NOTE: Before you start your business, you should read the page on this website entitled “things to think about before you start a business.” After you have taken the preliminary steps for starting any business, you can take the specific steps outlined below.

More than half of American households have someone who plays an instrument, according to the Gallup Organization (a public survey company). About a third of them were children (under 17) and a very tiny percentage of those children plan to become professional musicians.

Parents see learning an instrument as a way to sharpen other skills (a view backed up by experts) – or just as something useful for children to do. But not all parents see the necessity to (or can afford to) spend huge sums of money hiring professional musicians to teach their kids. They would be happy to hire a young teacher who teaches as a sideline and doesn’t charge much.

If you can play a musical instrument well, there is a market for your skills. How good you are will determine who your market is, but you don’t have to be a virtuoso to be good enough for most young students – just good enough that you can make them substantially better.

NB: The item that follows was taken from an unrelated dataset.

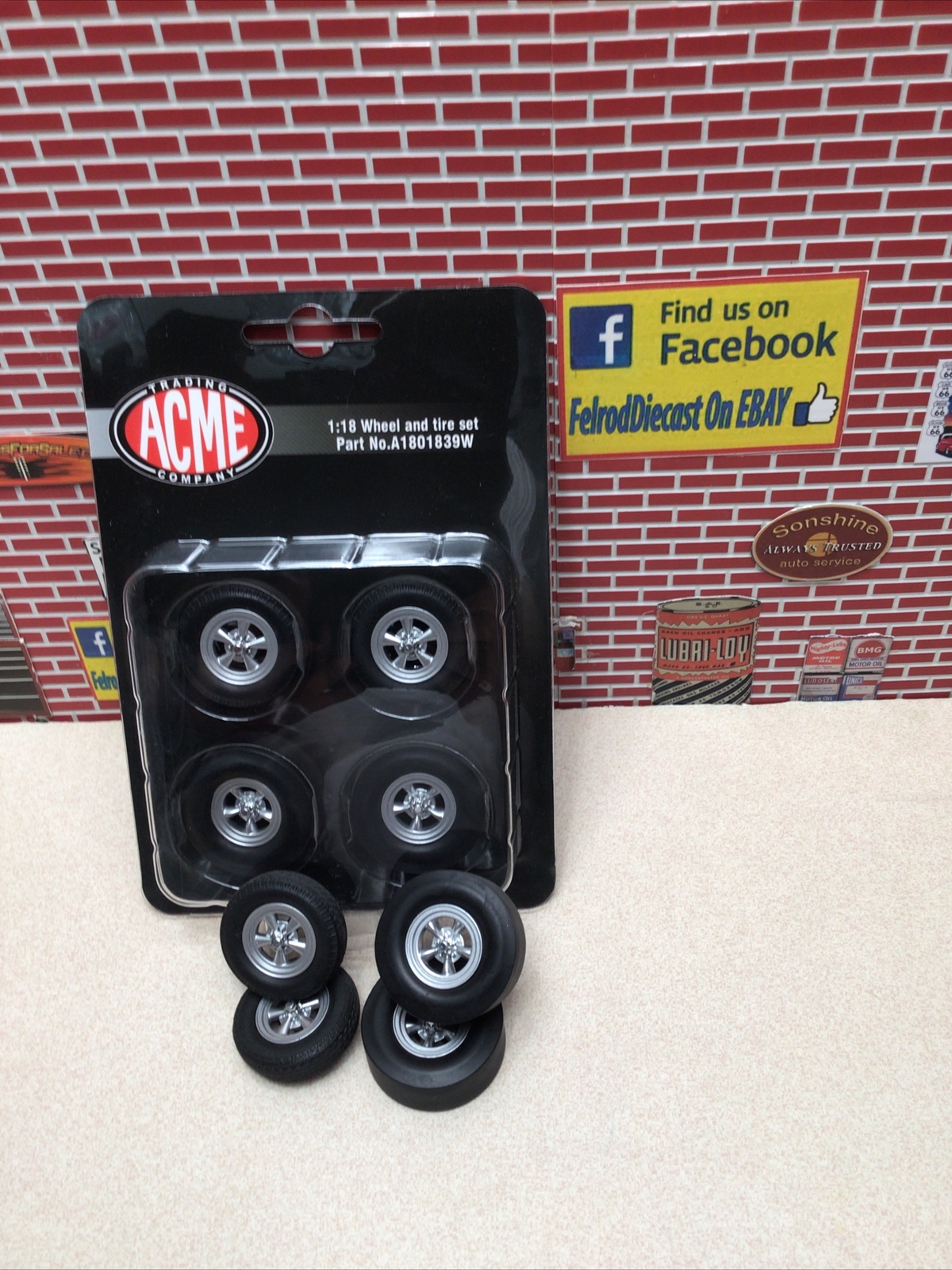 1/18 ACME Drag Wheel and Tire Set From A/FX 1965 Tasca Ford Mustang A1801839W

If you’re a good musician, chances are someone has asked you occasionally, “Can you teach me to play?” If all you want to do is show friends how to play a few tunes every once in awhile, that’s OK. But if you want to turn your skill into a money-making venture, you have to get organized.

If you have formal training and can read (and teach people how to read) music, that is a big plus. But there are plenty of successful music teachers who are self-taught. And your student may not necessarily want to go through the trouble of learning to read music, at least not in an in-depth way.

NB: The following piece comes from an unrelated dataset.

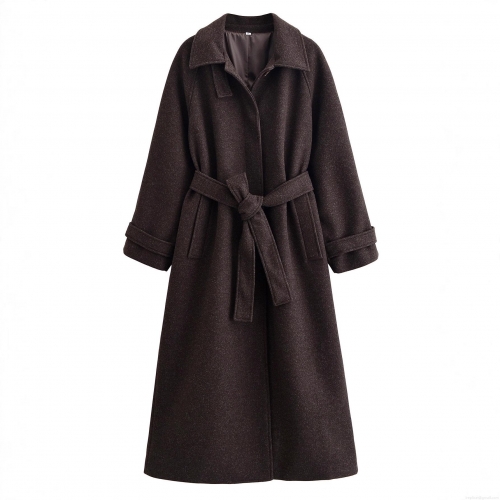 Women's Elegant Long Woolen Look Overcoat With Belt Autumn Winter Solid Color Lapel Single Breasted Polyester Coat For Ladies Streetwear Fashion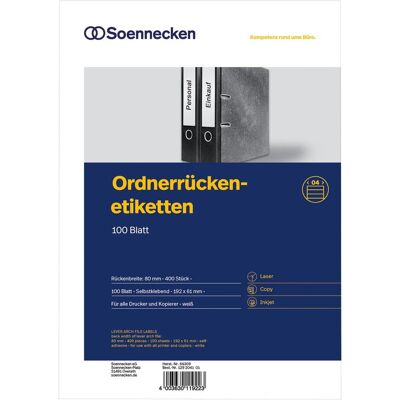 Soennecken, Ordner Zubehör, Ordneretikett 66309 breit/kurz sk weiss 400 St./Pack. Soennecken, Ordner Zubehör, Ordneretikett 66309 breit/kurz sk weiss 400 St./Pack.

Music teacher Lauren Bateman says that one of the biggest mistakes music teachers make is failing to ask students and parents how far they want to take the music lessons. Many kids don’t expect to play for more than a year or two and may not want to invest a lot of time and money into learning.

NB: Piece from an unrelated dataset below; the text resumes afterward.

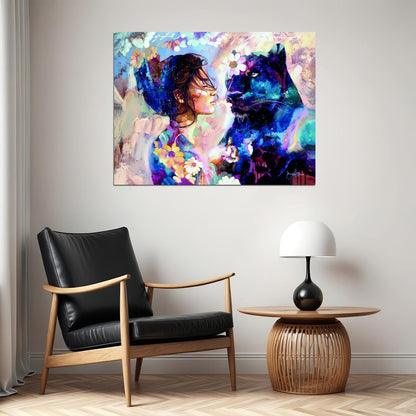 Abstract Painting Girl Cougar Poster Flowers Print Watercolor Woman Animals Wall Art - xonomax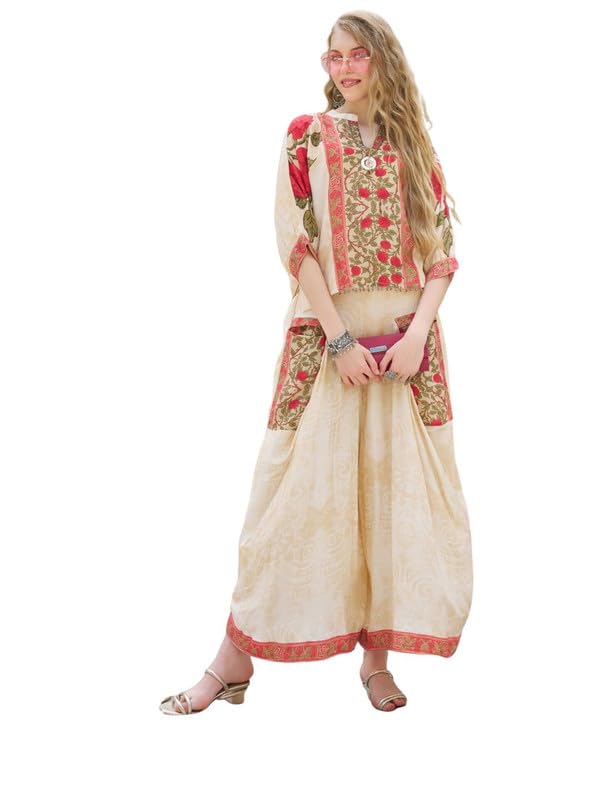 Beige Base Embellished Floral Co-ord Set in Viscose Slub-picture-52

After you have determined what level of student you want to teach, you have to decide where you are going to teach. The website Music Teachers Helper recommends only teaching in your own home; otherwise you will spend too much time travelling. (Not to mention the fact that you probably will need a vehicle if you plan to give lessons in customers’ homes.)

Of course, if you do teach in your own home, at a minimum you will need a room where you will not be bothered my fighting siblings, barking dogs or any other distractions. And, since you will be starting a business in your home, you need to research the rules in your town governing home businesses – you may need a Certificate of Occupancy or some other form of government permission.

You will need a website before you get started. Many low-cost and free services exist that can help you create professional-looking websites (e.g. Wix, WordPress or GoDaddy). For a music teacher, you will want to make sure you add a sampling of your musical ability, so be sure to find a website-building platform that allows audio uploads.

Before you start, also be sure to establish payment terms and cancellation policies (and put them on your website) or else you may find yourself in a dispute over pay without clear rules. The Music Teachers Helper website mentioned above also gives guidance on setting such policies.

Also, you should have the sheet music for anything that you plan to teach. (Generally, students are expected to buy their own music, but you must let them know in advance which music to purchase.)

How much to charge:

The better you are, the more you can charge, but $30/hour is considered low by most music teachers. You might want to charge an introductory rate of $25/hour for the first three months to get customers and build up your customer base, then raising it by $5 to $25/hour depending on your skill level.

Take it to the next level:

If you want to turn your music-teaching business into a steady source of income, consider offering lessons for a monthly charge. Offer a discount on your hourly rate – for example, if you give one lesson a week at $30/hour, your student is spending $120/month. Offer your services for $100/month if they sign a one-year contract.